The CompactionTask is sent to a ProcessPoolExecutor subprocess via asyncio.to_thread(). Inside the subprocess, run_compaction():

  1. Opens all input SSTables (no shared cache or registry — isolated)
  2. Creates a KWayMergeIterator to merge all inputs
  3. Writes the merged output via SSTableWriter.finish_sync()
  4. Returns SSTableMeta to the parent process

The bloom filter for the output is sized to the actual total input record count — not a config guess.

Commit

After the subprocess completes, the result is committed atomically via SSTableManager.commit_compaction_async():

  1. Register the new reader
  2. Write the updated manifest
  3. Mark old files for deletion (deferred by ref-count)
  4. Update in-memory level state
  5. Evict stale cache entries

Write locks on both source and destination levels are held during this sequence.

Re-Trigger

After a compaction job completes, check_and_compact() is called again.

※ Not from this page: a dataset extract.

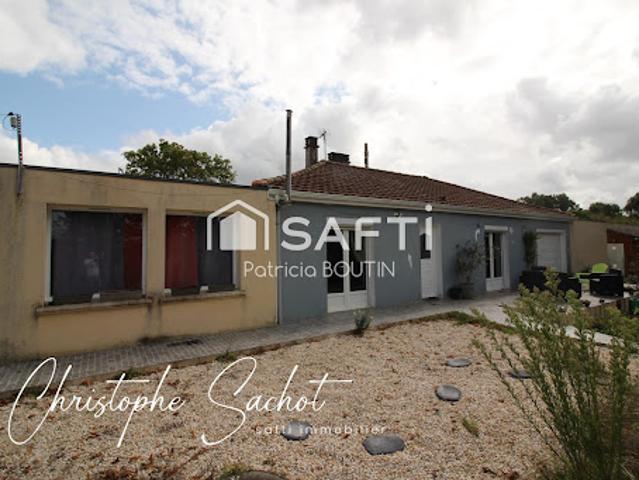 Maison vente à Niort, Beaussais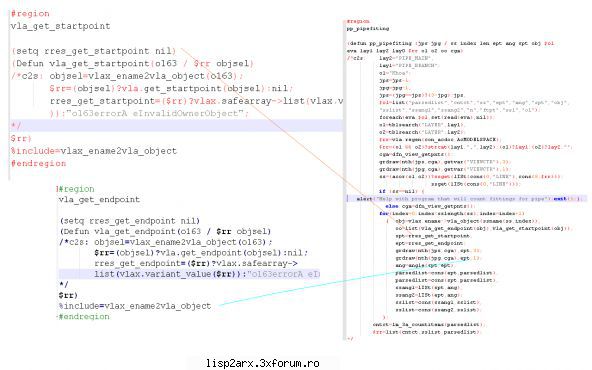 VLisp - pp_breaksquigle.vlax - AutoPipe.Lsp - Layer Checking. if Layer/s not exists then - CL_aclayer.lisp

This handles cascading compactions — e.g., an L0→L1 merge that makes L1 exceed its threshold, triggering an L1→L2 merge.

Observability

Every compaction event is appended to data_root/compaction.log as a JSON line:

{"ts": "2026-03-26T12:00:00", "event": "started", "task_id": "...", "src": 0, "dst": 1, "inputs": [...], "output": "..."}
{"ts": "2026-03-26T12:00:01", "event": "committed", "task_id": "...", "output_records": 500, "output_bytes": 32768}

Active jobs are exposed via the active_jobs property for monitoring.